Laura Bush swung by Haiti for a few hours on March 13 on her way to Mexico. She stayed in her car or in a building for most of the few hours she spent there promoting the Bush administration’s interventions on poverty and AIDS.

The Bush administration has been promoting Haiti as a success story, crediting U.S. contributions of some hundreds of millions of dollars for the success. But the Bush regime doesn’t mention that almost all these millions were used to pay for the military occupation and repression and for the coup the U.S. organized against the democratically elected president, Jean-Bertrand Aristide, on Feb. 29, 2004.

“Haiti has been a very important aspect of what we consider to be President Bush’s accomplishments in the region,” Thomas Shannon, assistant secretary of state for western hemisphere affairs, told the Miami Herald.
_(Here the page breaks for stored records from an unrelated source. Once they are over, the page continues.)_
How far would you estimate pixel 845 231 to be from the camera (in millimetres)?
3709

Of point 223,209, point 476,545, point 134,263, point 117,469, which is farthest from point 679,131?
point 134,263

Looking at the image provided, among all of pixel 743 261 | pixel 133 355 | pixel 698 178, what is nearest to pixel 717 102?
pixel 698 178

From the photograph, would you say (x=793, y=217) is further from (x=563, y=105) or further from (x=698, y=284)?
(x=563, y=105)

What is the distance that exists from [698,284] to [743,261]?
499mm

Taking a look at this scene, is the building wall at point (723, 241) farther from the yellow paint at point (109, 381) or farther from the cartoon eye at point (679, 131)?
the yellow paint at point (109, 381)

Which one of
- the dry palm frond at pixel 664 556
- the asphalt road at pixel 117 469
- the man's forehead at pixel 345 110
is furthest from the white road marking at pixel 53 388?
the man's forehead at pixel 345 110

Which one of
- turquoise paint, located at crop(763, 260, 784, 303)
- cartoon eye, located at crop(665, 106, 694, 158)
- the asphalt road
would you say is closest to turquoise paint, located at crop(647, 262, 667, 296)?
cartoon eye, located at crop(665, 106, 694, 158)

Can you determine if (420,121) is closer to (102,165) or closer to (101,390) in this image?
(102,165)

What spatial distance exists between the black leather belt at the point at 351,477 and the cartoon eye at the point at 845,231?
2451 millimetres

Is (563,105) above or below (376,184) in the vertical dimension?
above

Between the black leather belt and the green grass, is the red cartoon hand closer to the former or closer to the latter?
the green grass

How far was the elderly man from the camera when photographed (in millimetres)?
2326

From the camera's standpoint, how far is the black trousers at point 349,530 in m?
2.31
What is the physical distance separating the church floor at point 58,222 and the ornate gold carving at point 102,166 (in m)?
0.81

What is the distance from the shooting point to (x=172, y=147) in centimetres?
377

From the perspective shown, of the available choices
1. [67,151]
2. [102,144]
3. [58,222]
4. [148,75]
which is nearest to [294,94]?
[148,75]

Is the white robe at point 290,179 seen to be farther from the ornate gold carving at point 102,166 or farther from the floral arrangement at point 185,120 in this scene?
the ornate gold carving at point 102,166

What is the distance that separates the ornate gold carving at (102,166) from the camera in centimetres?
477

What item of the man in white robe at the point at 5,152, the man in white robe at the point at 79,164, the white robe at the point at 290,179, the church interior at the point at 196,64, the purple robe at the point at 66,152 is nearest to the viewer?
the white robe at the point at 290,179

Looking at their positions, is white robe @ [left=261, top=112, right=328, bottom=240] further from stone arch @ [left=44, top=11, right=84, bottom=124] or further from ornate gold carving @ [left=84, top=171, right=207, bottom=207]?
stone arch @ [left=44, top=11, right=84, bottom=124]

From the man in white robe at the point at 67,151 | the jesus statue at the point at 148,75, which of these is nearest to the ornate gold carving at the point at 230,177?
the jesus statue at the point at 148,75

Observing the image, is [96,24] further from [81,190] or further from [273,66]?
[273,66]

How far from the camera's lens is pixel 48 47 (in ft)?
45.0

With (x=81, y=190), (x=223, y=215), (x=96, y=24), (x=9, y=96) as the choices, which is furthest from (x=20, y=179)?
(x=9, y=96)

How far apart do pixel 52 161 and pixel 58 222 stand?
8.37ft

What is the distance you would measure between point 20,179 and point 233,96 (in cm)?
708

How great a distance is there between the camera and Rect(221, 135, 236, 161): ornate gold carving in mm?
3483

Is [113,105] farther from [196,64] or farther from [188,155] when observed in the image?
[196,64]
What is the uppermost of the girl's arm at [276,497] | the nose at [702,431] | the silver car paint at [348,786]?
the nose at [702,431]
Laura Bush followed up with the message, “I want to encourage especially the people of Haiti and the Haitian Americans ... in Florida and all over the United States to stay involved in Haiti, to reach out as individuals ... to make sure this success continues.” She told the Miami Herald.

The region of Port-au-Prince, Haiti’s capital, where she stayed was pretty much closed off to car and foot traffic by the security forces of MINUSTAH (the U.N. Mission to Stabilize Haiti) and the Haitian National Police while she was in town.
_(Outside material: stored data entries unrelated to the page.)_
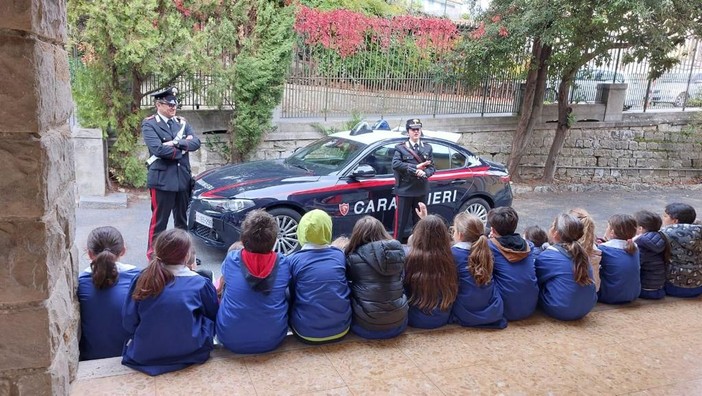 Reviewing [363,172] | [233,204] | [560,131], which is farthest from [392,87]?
[233,204]

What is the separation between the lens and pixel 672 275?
491 centimetres

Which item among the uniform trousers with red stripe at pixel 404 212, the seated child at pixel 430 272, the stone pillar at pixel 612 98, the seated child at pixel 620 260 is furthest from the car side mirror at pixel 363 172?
the stone pillar at pixel 612 98

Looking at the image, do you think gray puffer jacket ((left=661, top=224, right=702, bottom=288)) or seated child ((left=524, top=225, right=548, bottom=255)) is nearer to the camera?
seated child ((left=524, top=225, right=548, bottom=255))

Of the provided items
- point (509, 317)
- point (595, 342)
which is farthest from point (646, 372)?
point (509, 317)

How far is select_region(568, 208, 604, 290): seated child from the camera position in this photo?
14.3 ft

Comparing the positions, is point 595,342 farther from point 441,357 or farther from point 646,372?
point 441,357

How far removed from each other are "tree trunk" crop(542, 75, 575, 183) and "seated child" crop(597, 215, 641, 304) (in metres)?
7.92

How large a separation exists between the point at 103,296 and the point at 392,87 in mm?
9231

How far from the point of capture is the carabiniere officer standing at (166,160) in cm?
587

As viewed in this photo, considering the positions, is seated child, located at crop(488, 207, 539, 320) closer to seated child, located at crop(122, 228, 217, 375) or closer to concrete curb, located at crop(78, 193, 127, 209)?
seated child, located at crop(122, 228, 217, 375)

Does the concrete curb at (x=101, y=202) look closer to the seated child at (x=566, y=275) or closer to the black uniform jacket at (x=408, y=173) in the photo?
the black uniform jacket at (x=408, y=173)

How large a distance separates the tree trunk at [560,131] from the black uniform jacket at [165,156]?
8679mm

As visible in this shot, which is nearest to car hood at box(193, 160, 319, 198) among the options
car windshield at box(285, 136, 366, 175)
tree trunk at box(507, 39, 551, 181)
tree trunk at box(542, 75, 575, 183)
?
car windshield at box(285, 136, 366, 175)

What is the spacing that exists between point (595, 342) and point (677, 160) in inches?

Laura Bush actually met with three young HIV-positive adults during her morning visit to GHESKIO, an AIDS clinic near the embassy. She used the opportunity to call for more funding for President Bush’s AIDS program.

Bush also met with a group of HIV-positive women who had received business loans through GHESKIO, Haiti’s largest treatment center for sexually transmitted diseases. GHESKIO stands for the Haitian Group for the Study of Kaposi’s Sarcoma and Opportunistic Infections.

The loans range from $13.50 to $1,300 and are allegedly designed to promote economic independence.

It was typical Bush to focus on individual responses to a vast social problem, giving the minimum in financial aid in the face of a vast bucket of misery, much as the administration did in New Orleans. Haitian writer Mona Peralte points out that Laura Bush could save “many more thousands of lives by inviting George W. to stop bombing thousands of innocent civilian victims in Iraq and Afghanistan and to cease those neoliberal economic diktats on poor countries that cause mass hunger in poor countries.”